→ Task material:
BEGIN
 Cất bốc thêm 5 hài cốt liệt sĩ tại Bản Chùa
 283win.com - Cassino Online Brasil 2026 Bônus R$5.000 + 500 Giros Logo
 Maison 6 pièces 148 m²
END
BEGIN
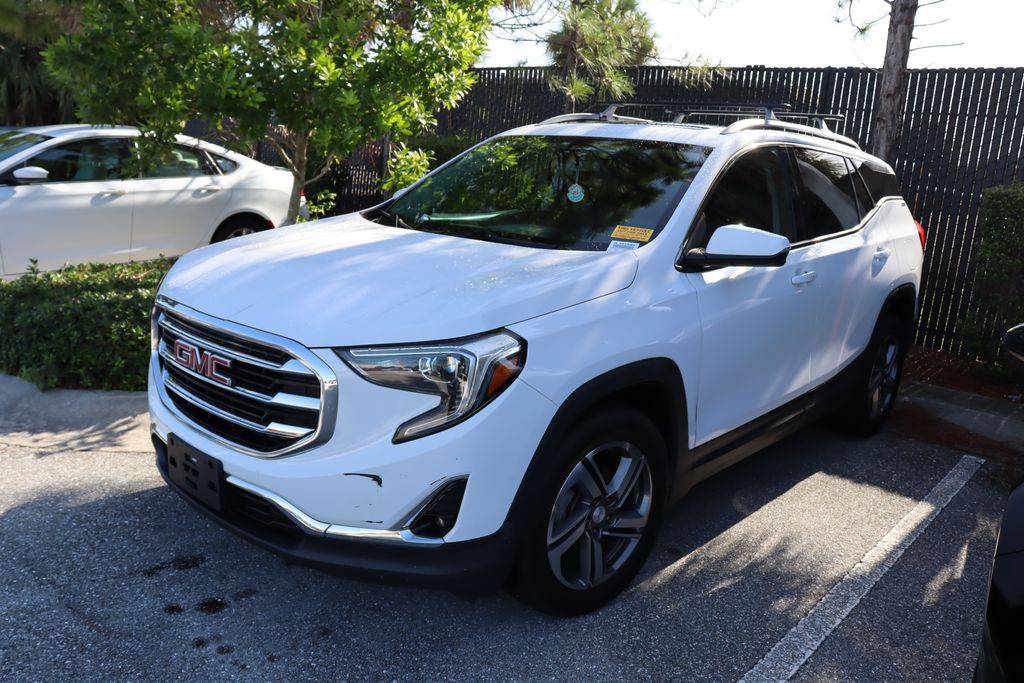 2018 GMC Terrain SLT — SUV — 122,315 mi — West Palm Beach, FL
END
→ What you should do:
Working from the material above, restate word for word the lines between the line with "283win.com - Cassino" and the line with "Maison 6 pièces 148 m²", both included, and only those.

→ Solution below:
 283win.com - Cassino Online Brasil 2026 Bônus R$5.000 + 500 Giros Logo
 Maison 6 pièces 148 m²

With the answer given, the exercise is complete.